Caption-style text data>

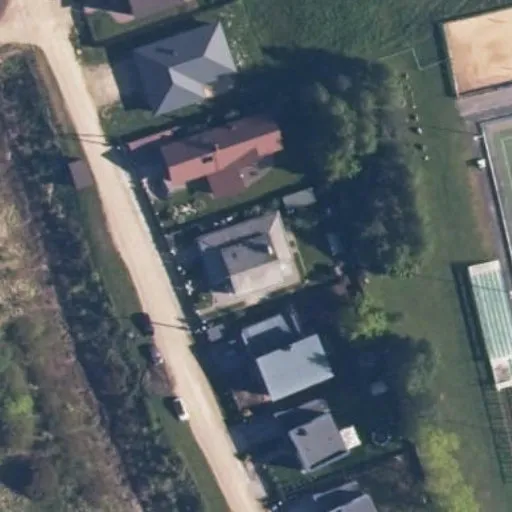 Vaizdas iš viršaus: Noreikių g. 8, Šiauliai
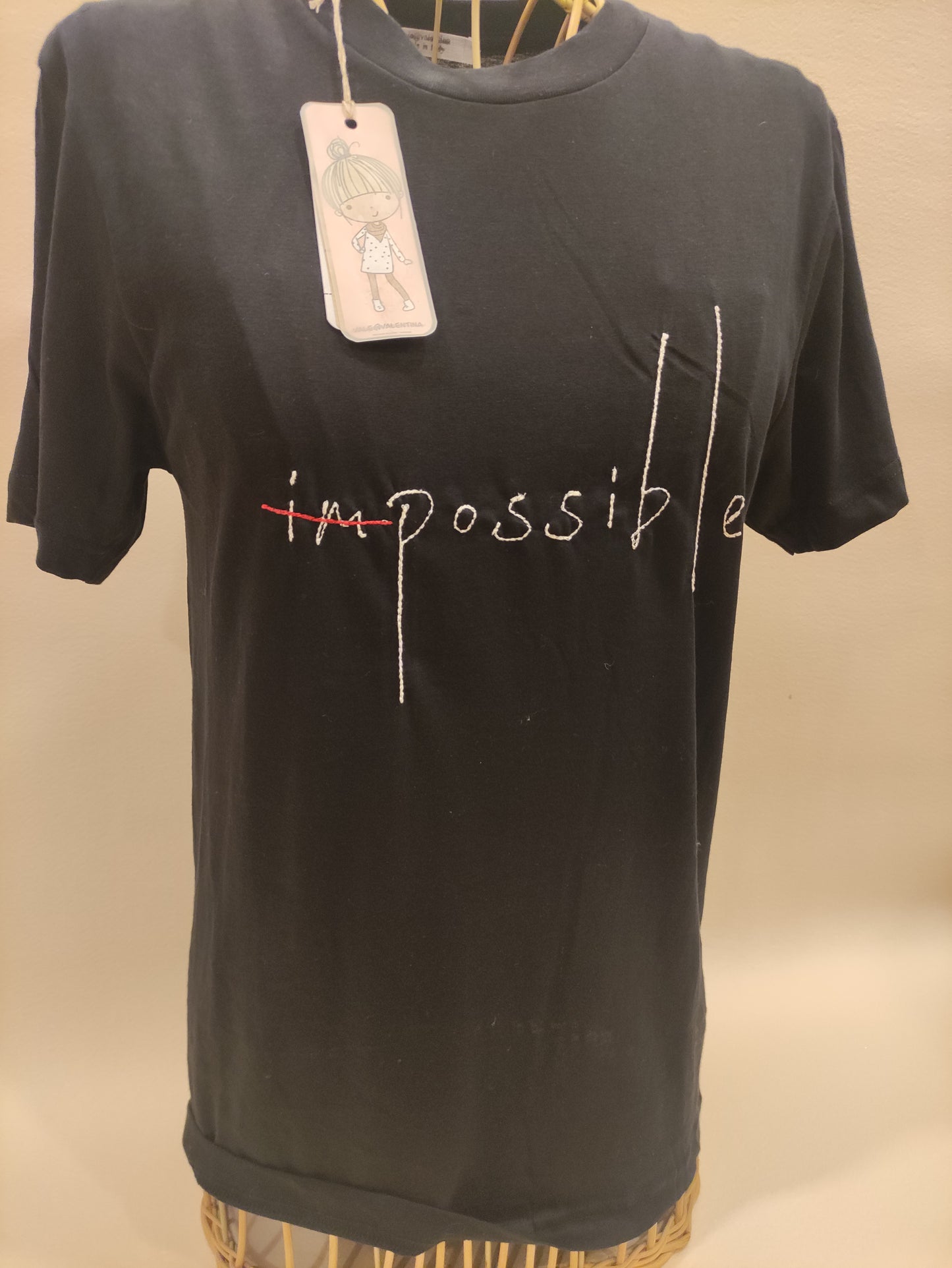 Impossible    t-shirt
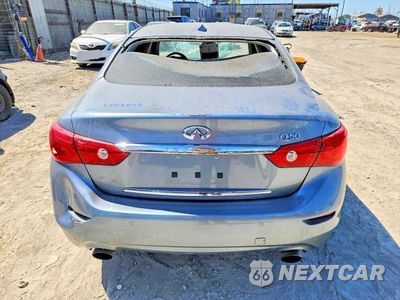 Zdjęcie 6 z 12 samochodu: 2016 INFINITI Q50 3.0T PREMIUM VIN:JN1EV7AP5GM305236 - miniatura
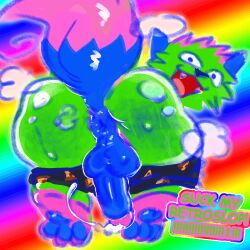 Digital Media (Artwork) Rule 34 Image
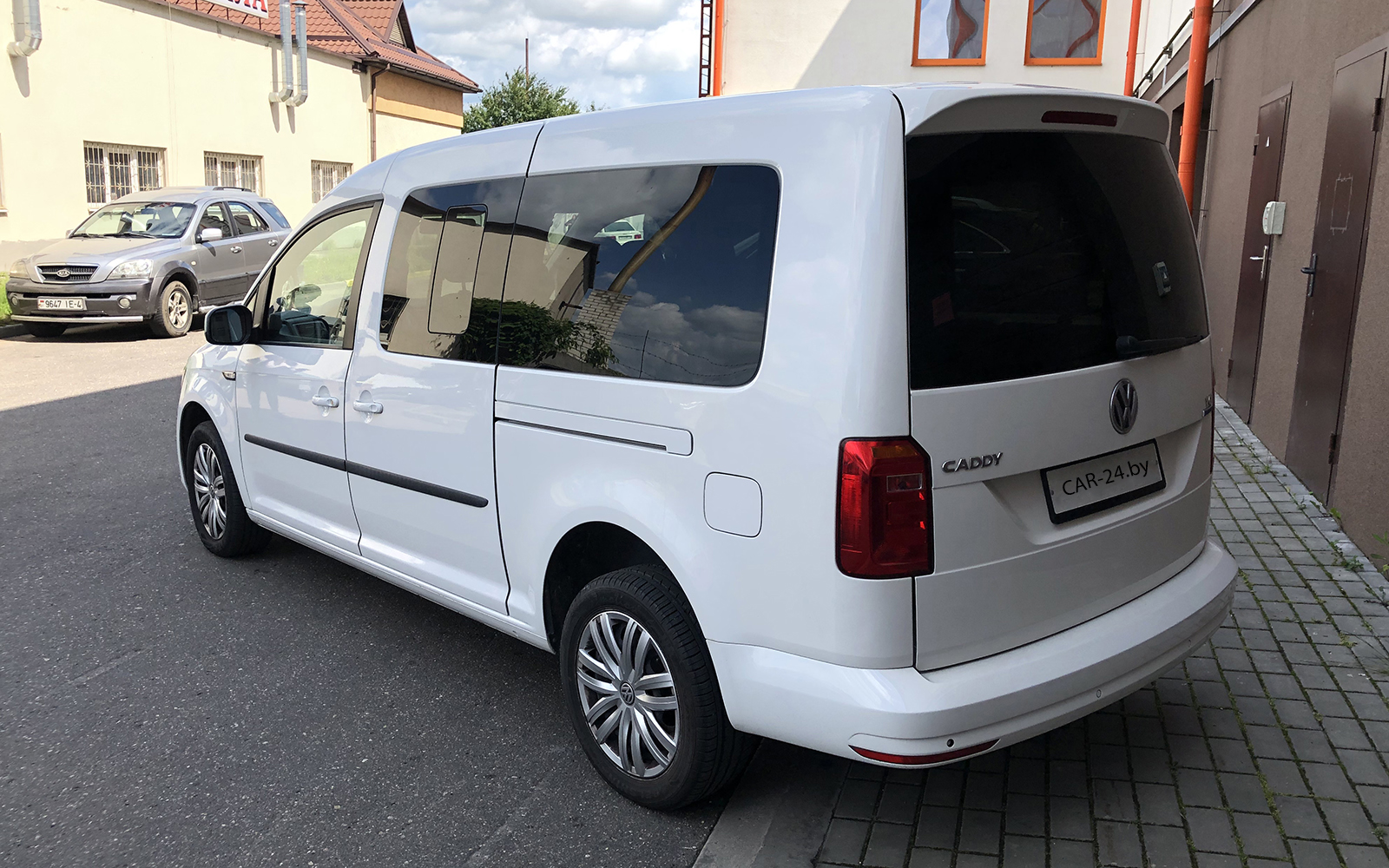 VOLKSWAGEN CADDY MAXI LIFE (2020)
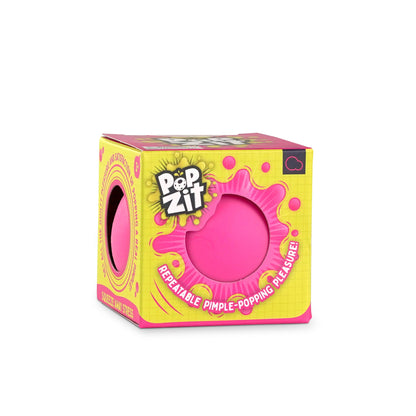 Pop Zit Colour Changing Squish Ball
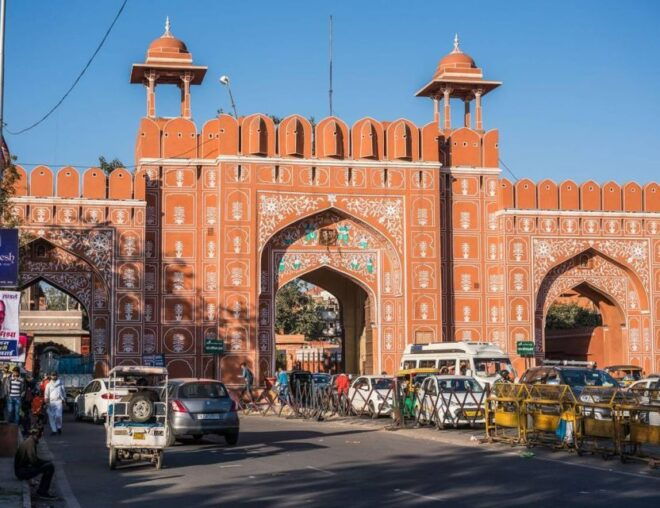Jaipur: Walking Tour With Shopping - Highlights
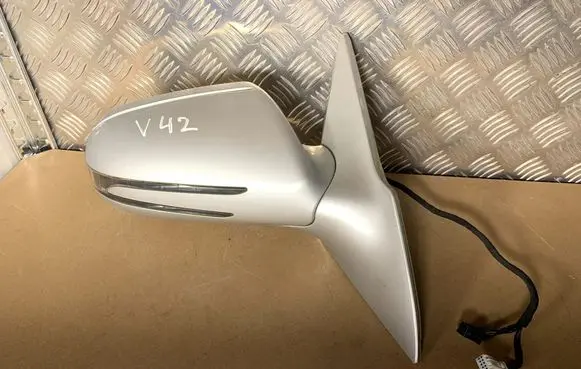 Mercedes-Benz SL R230 Coupe wind mirror (mechanical) A3141442 A3141412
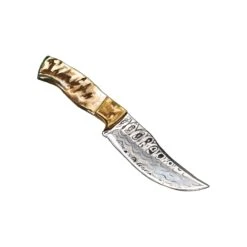 Ram's Horn Hunter Knife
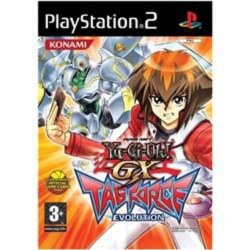 Yu-Gi-Oh! GX Tag Force Evolution PS2
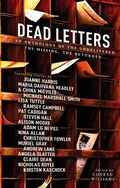 Cover: Dead Letters: An Anthology - Titan Books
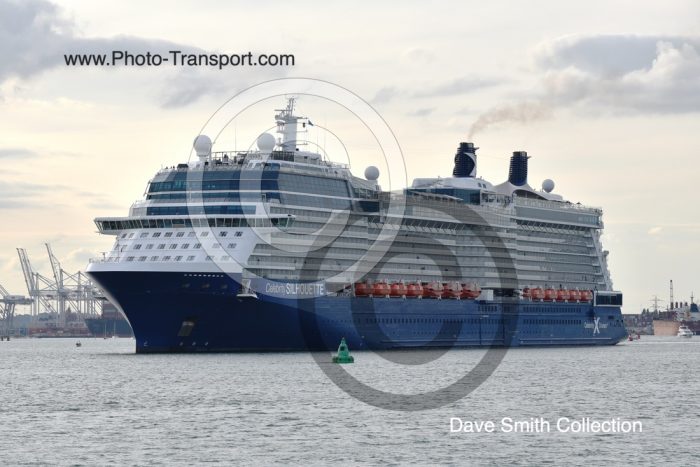 CELEBRITY SILHOUETTE - Pass Cruise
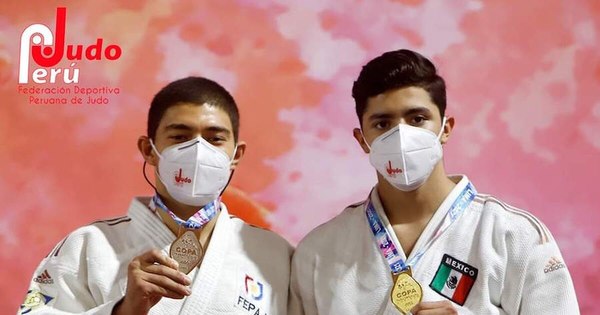 La Nación / Judocas traen 3 medallas de Lima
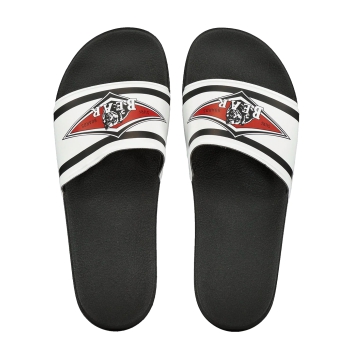 BEAR SURFBOARDS SANDALS FASCIA  WHITE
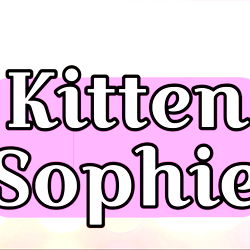 Kitten Sophie🩷 photo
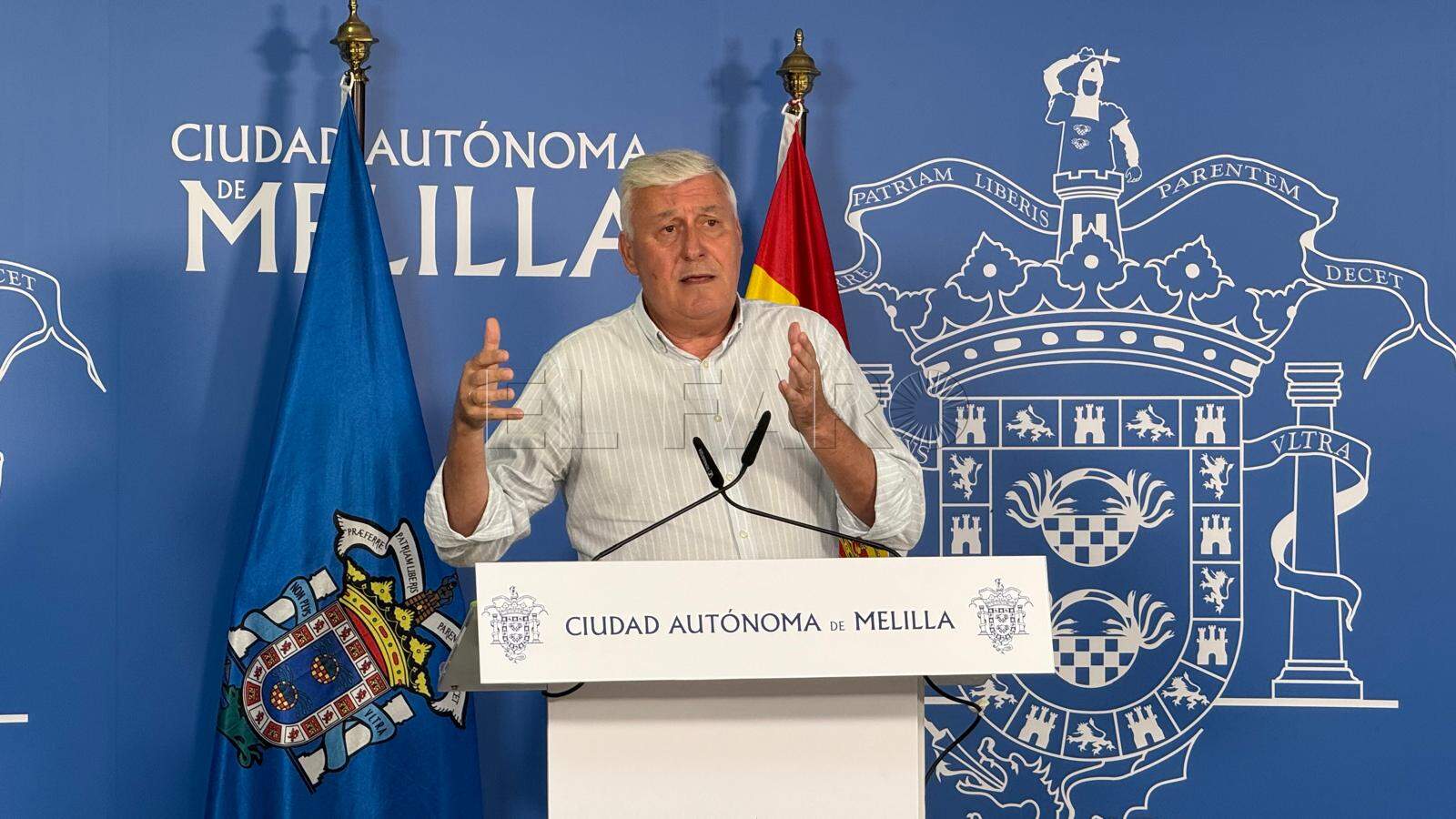 Consejero Medio Ambiente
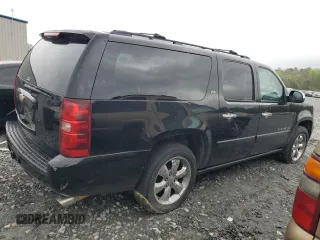 2007 Chevrolet Suburban LTZ with VIN 1GNFK16YX7R365824, listed as a Copart auction lot 51255245 with 266,738 mi miles and Clean Title. Bid and sale history available at carsss.com. Image 3.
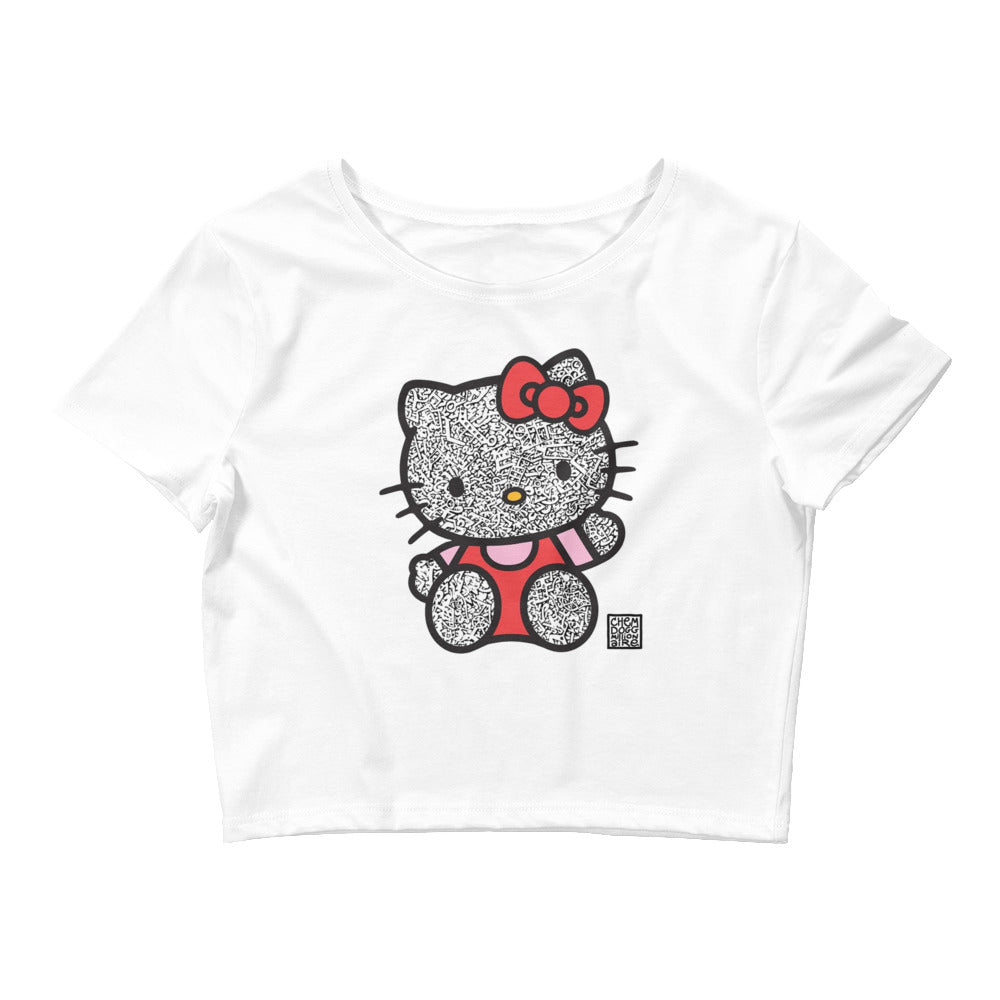 CDMxHK Crop Top
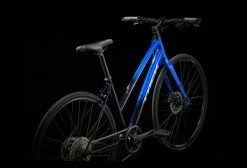 Vélo Fitness Trek FX 3 Disc Stagger Shimano Deore 10V 700 Mm Bleu 2022 -Magasin Vélos de Ville unnamed file 1222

Task to carry out> Extract only the lines from the one that contains "Ram's Horn Hunter Knife" through the end of the records, inclusive, and omit every picture.

Answer for this exercise>
 Ram's Horn Hunter Knife
 Yu-Gi-Oh! GX Tag Force Evolution PS2
 Cover: Dead Letters: An Anthology - Titan Books
 CELEBRITY SILHOUETTE - Pass Cruise
 La Nación / Judocas traen 3 medallas de Lima
 BEAR SURFBOARDS SANDALS FASCIA  WHITE
 Kitten Sophie🩷 photo
 Consejero Medio Ambiente
 2007 Chevrolet Suburban LTZ with VIN 1GNFK16YX7R365824, listed as a Copart auction lot 51255245 with 266,738 mi miles and Clean Title. Bid and sale history available at carsss.com. Image 3.
 CDMxHK Crop Top
 Vélo Fitness Trek FX 3 Disc Stagger Shimano Deore 10V 700 Mm Bleu 2022 -Magasin Vélos de Ville unnamed file 1222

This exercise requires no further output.